Allison Malec is a Marketing Manager at Clarkson Potter, a division of Random House, and is an editor at The Recipe Club. She lives in New York City, and loves to cook, bake and eat. She loves anything sweet, especially Momofuku Milk Bar’s Compost Cookies, Ben and Jerry’s Oatmeal Cookie Crunch Ice Cream, and Vanilla Mr. Softee cones with rainbow sprinkles.
I live for apple desserts. If I had to choose only one dessert to eat for the rest of my life, I think it would be my mom’s apple crisp. However, I will say that a great apple cake or apple pie comes close.
Enter: Gooey Apple Butter Cake. This confection is a mix between an apple cake and an apple pie. A layer of cake is set beneath a bed of apple batter, and it bakes into a gooey, sweet, delicious treat.
*I must note that I had to bake my cake about 20 minutes longer than the recipe notes, since my cake was a little too gooey. But the result was perfect.
Recipe for Gooey Apple Butter Cake
Excerpted from The Casserole Queens Cookbook
Makes 6 to 8 servings
3 Granny Smith apples
1 tablespoon fresh lemon juice
1 (18.2-ounce) box yellow cake mix
1 cup (2 sticks) unsalted butter, melted
3 large eggs
1 (8-ounce) package cream cheese, softened
11/2 teaspoons vanilla extract
11/2 teaspoons ground cinnamon
3 cups confectioners’ sugar
1. Preheat the oven to 350°F.
2. Peel and slice the apples, then toss them in a bowl with the lemon juice to keep them from turning brown. Set aside.
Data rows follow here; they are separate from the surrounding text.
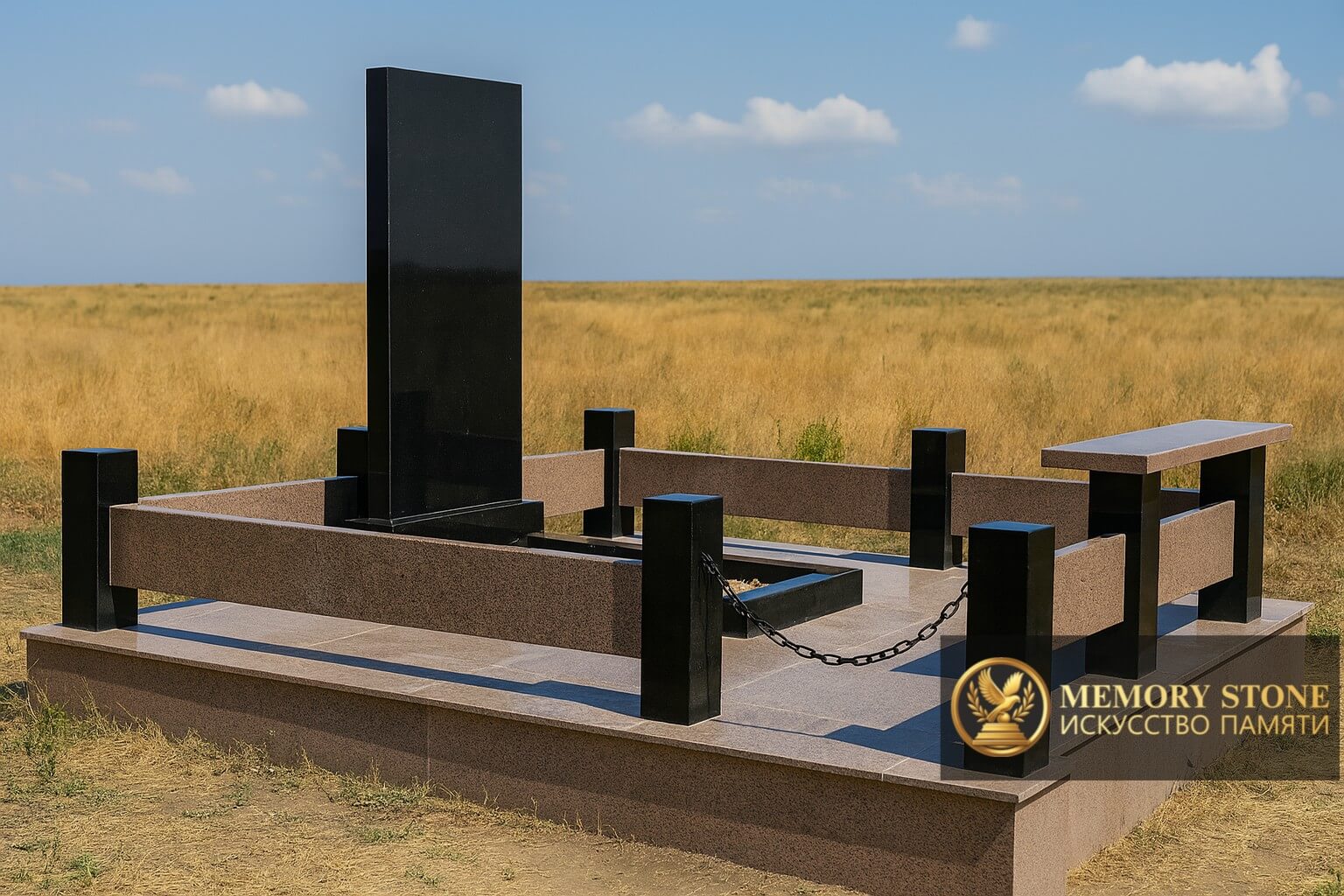 Строительство гранитных комплексов в Алматы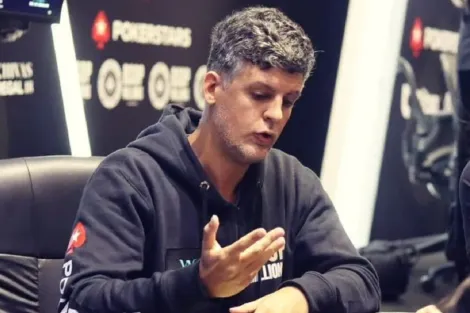 Eduardo Carvalho faz pódio no Titans Event do PokerStars; veja mais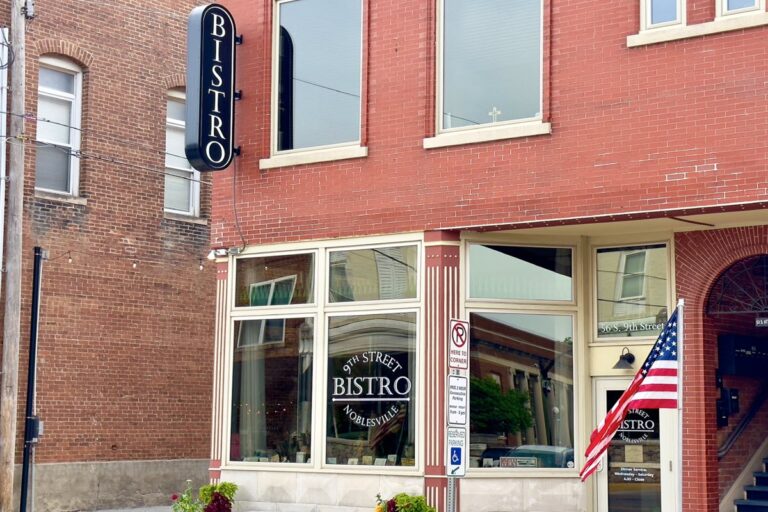 9th street bistro noblesville in exterior 1 768x512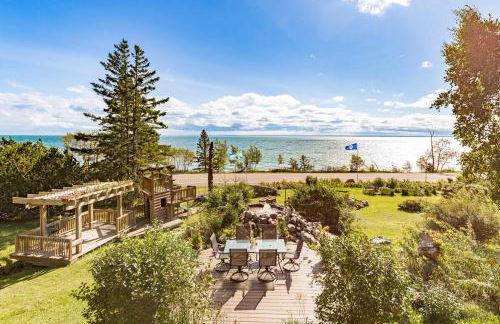 The Inn On Gitche Gumee - The Loons Nest Room - Foto 5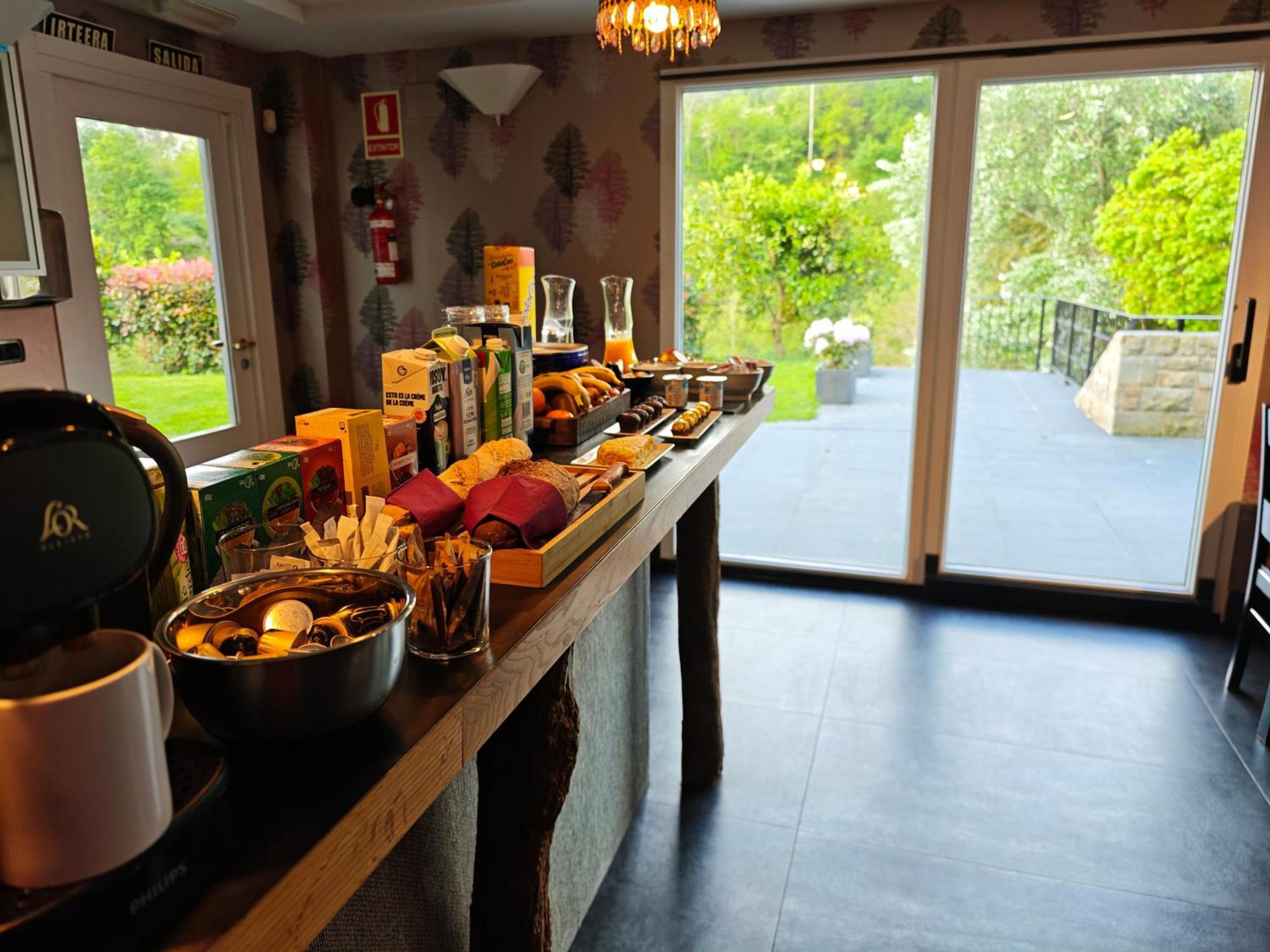 Hotel Aldori Landetxea - Reserva De La Biosfera Urdaibai - Adults Only Muxika Kültér fotó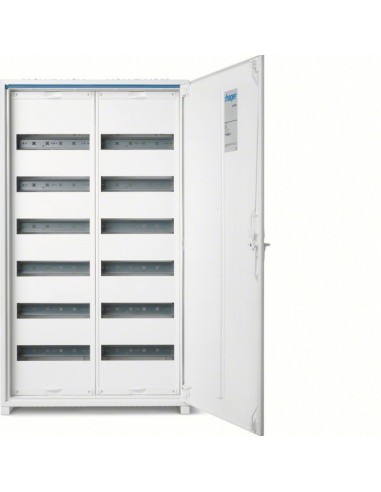 univers Rozdzielnica FW IP44/II 950x550x160 FWB62S Hager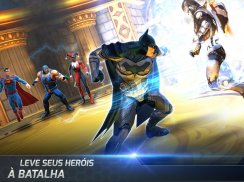 DC Legends: Briga por Justiça screenshot 4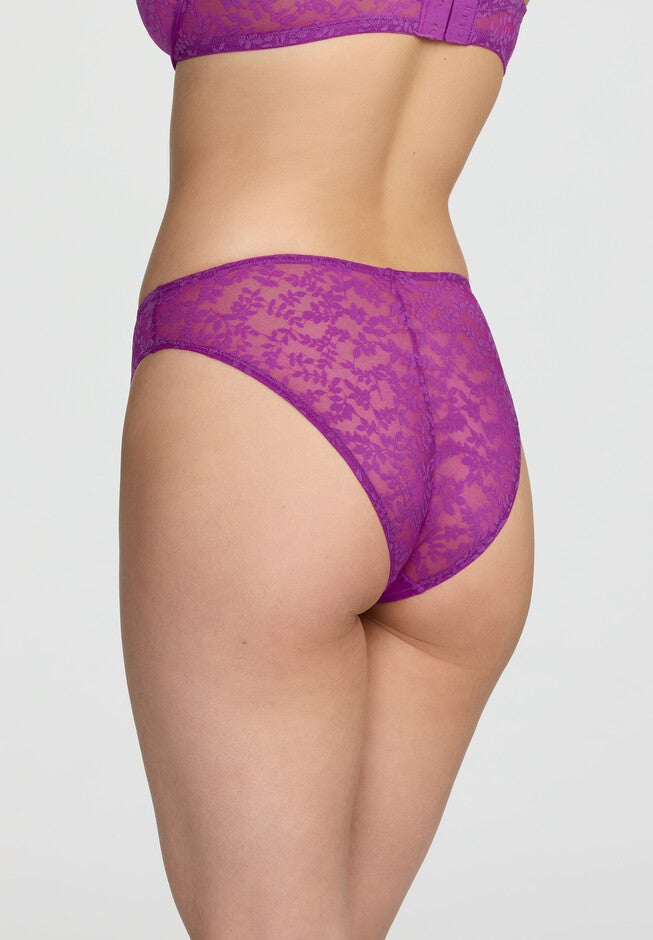 The Highwaist - Botanical Lace, LUSH, alternate image number null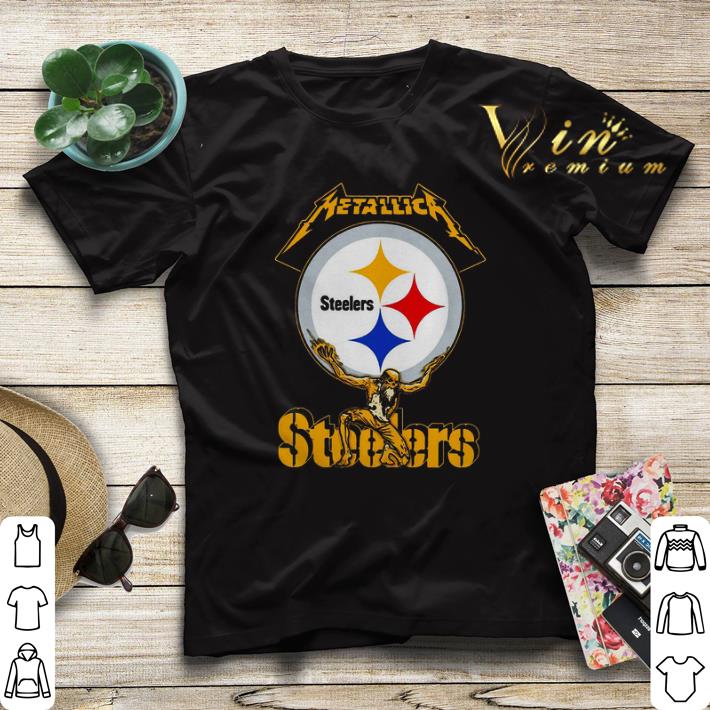 Pittsburgh Steelers Logo mashup Metallica shirt sweater Pittsburgh Steelers Logo mashup Metallica shirt sweater 4 - Pittsburgh Steelers Logo mashup Metallica shirt sweater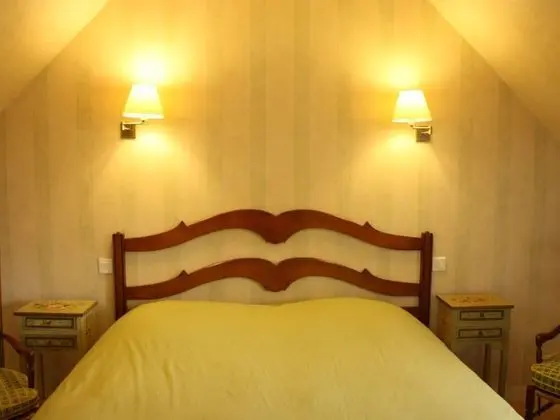 Hôtel 3 Étoiles La Ferme de Vur Ven - Oda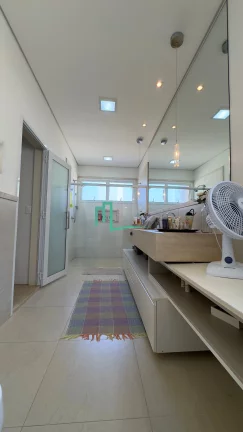 Imagem RESIDENCIA DE ALTO PADRÃO EM CONDOMÍNIO FECHADO EM RIBEIRÃO PRETO/SP - 485,00m² de construção
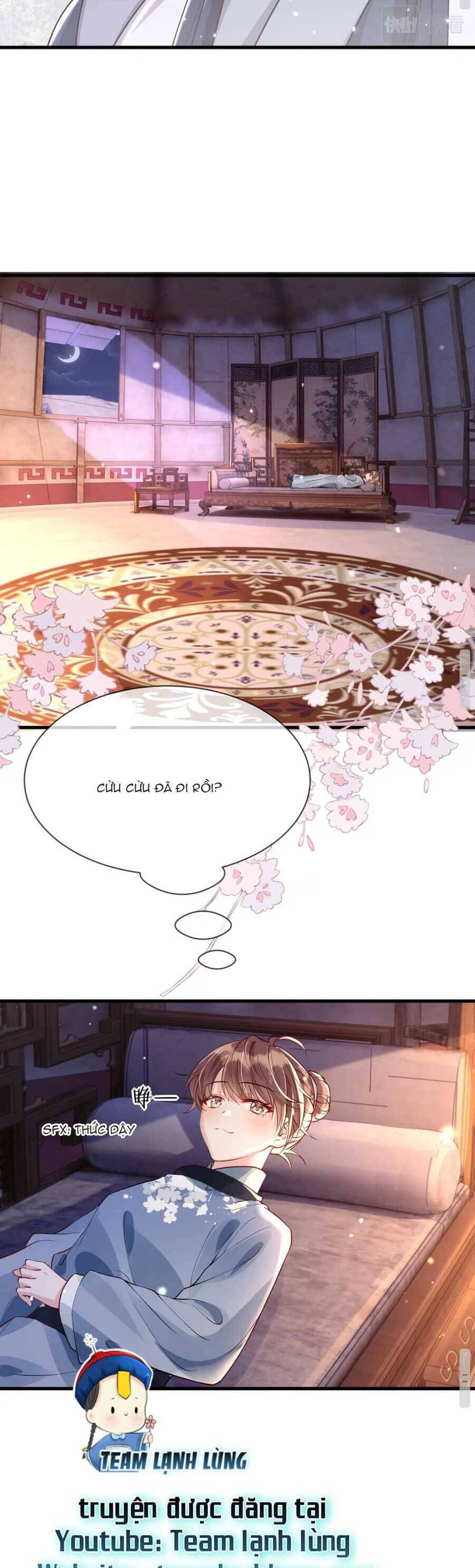 Công Chúa Kiêu Ngạo Độc Sủng Tiểu Thái Giám Chapter 31 - 9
3. In the bowl of a standing mixer fitted with the whisk attachment, add the cake mix, 1/2 cup of the melted butter, and one of the eggs. Mix for 2 minutes at medium-low speed. The batter should easily come together into a ball. Transfer the batter to a 9 x 13-inch baking dish and smooth the top with a spatula.

4. In the same bowl used for the batter, beat the cream cheese at medium-low speed for 30 seconds, until fluffy. Add the remaining 1/2 cup butter, the remaining 2 eggs, vanilla, and cinnamon. Beat on medium speed for 1 minute. Add the sugar and beat for 1 more minute.
5. Fold the apple slices into the cream cheese mixture, and spread the mixture over the cake mix in the baking dish.

6. Bake for 45 minutes or until the cake jiggles slightly when gently shaken and is somewhat solidified in the center. (The cream cheese mixture will not solidify completely.) Remove the cake from the oven and allow it to cool in the pan for 30 minutes.
7. Stored in the refrigerator, the cake will keep for three to four days, but it will never last that long!